[Stored data]

==*==

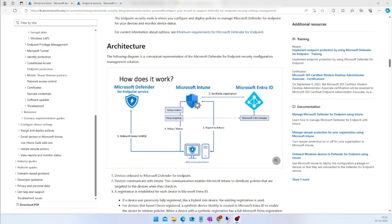Hello everyone, welcome to my channel. Today we are going to discuss how to create endpoint security settings from the Defender Portal.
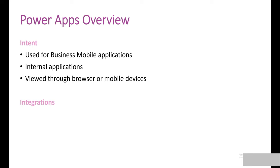Let's go through how Power Apps can be used. The intent of Power Apps is to be used for business mobile applications. Due to licensing and technical difficulties with sharing, the main use is for internal applications. Apps are able to be viewed through a browser or a mobile device.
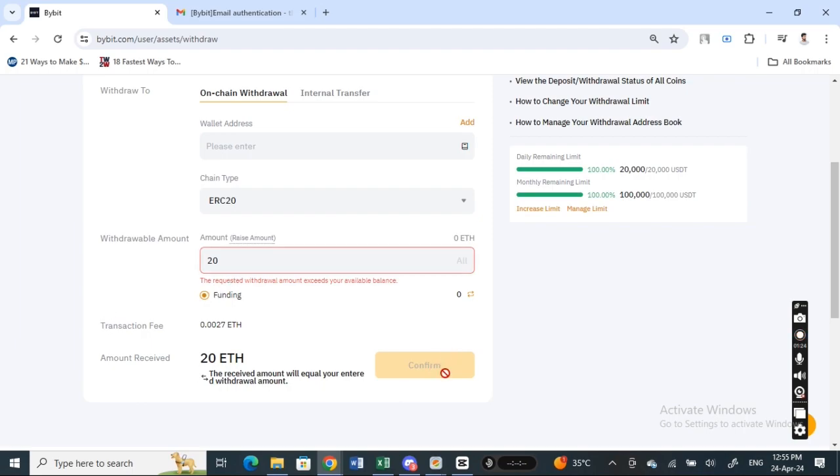Just hit on confirm. Once you confirm, on the next page just review your transaction and then complete the transaction. And that's pretty much it, it's pretty easy and straightforward. I hope this video was helpful. I will see you in another video. Thank you.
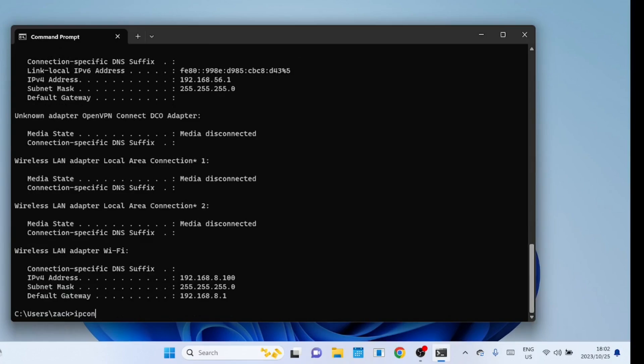Also use this command. It clears the DNS resolver cache. This can be helpful if you're experiencing DNS resolution issues.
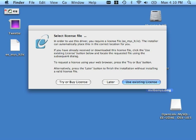You can use the Later button to forgo product licensing until a later date. If you do not currently have an evaluation or a permanent license key, but you do want to license the product now, click this Try or Buy button over here. This will launch the OpenLink website in a browser. There you'll be able to obtain the license that you need.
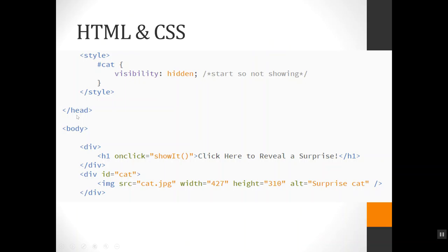First thing you need is a page. So here I have a div with an h1 in it that says 'click here to reveal a surprise.'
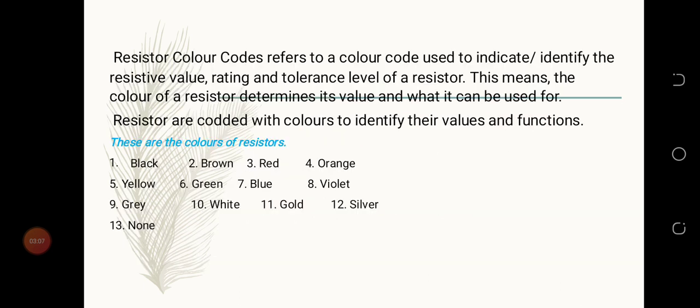Resistor color codes refer to a color code used to identify or indicate the resistive value, rating, and tolerance level of a resistor. This means the color of a resistor determines its value and what it can be used for. Resistors are coded with colors to identify their values and functions.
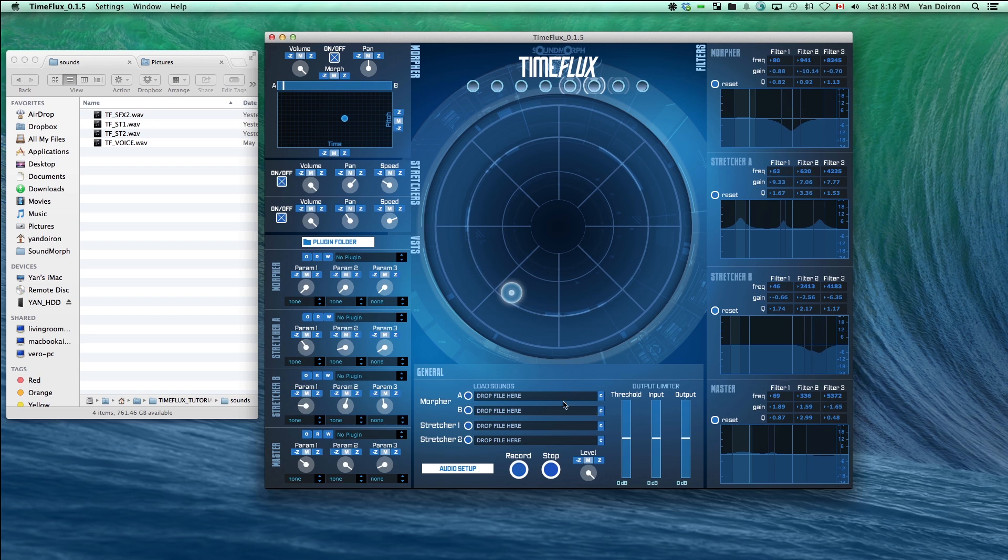Let's take a look at the morpher first. You can have two sounds loaded, but let's just start with one to give an example of what it's doing. To add a sound, just drag it into any of the four load sound slots. If you need to clear it, just press the C button.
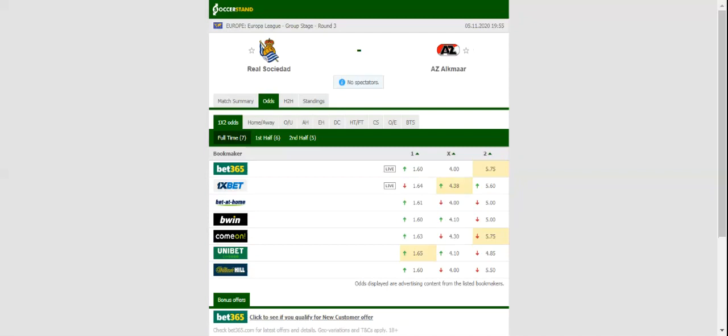AZ Alkmaar are not regarded as good travelers, and seeing that Real Sociedad are eager to return to winning ways in the Europa League, the visitors are likely to return home empty-handed.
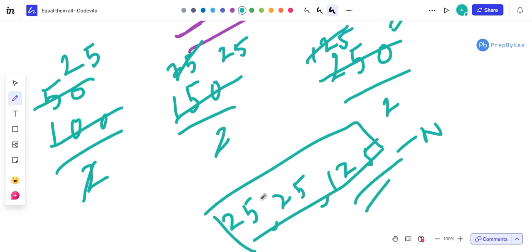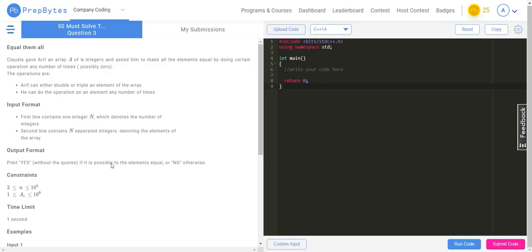To reiterate the algorithm: instead of multiplying, we divide each number by 2 and 3 repeatedly to get to the lower bound. Then we check if all numbers are equal. If they are, print 'Yes'; if not, print 'No'.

==*==

◆ WHAT TO DO ◆
Give back exactly, and solely, the section of the data above bounded by the line containing "Let's take a" and the line containing "AZ Alkmaar are", both bounding lines included and pictures omitted.

◆ RESPONSE FOR THIS EXERCISE ◆
Let's take a look at the morpher first. You can have two sounds loaded, but let's just start with one to give an example of what it's doing. To add a sound, just drag it into any of the four load sound slots. If you need to clear it, just press the C button.
AZ Alkmaar are not regarded as good travelers, and seeing that Real Sociedad are eager to return to winning ways in the Europa League, the visitors are likely to return home empty-handed.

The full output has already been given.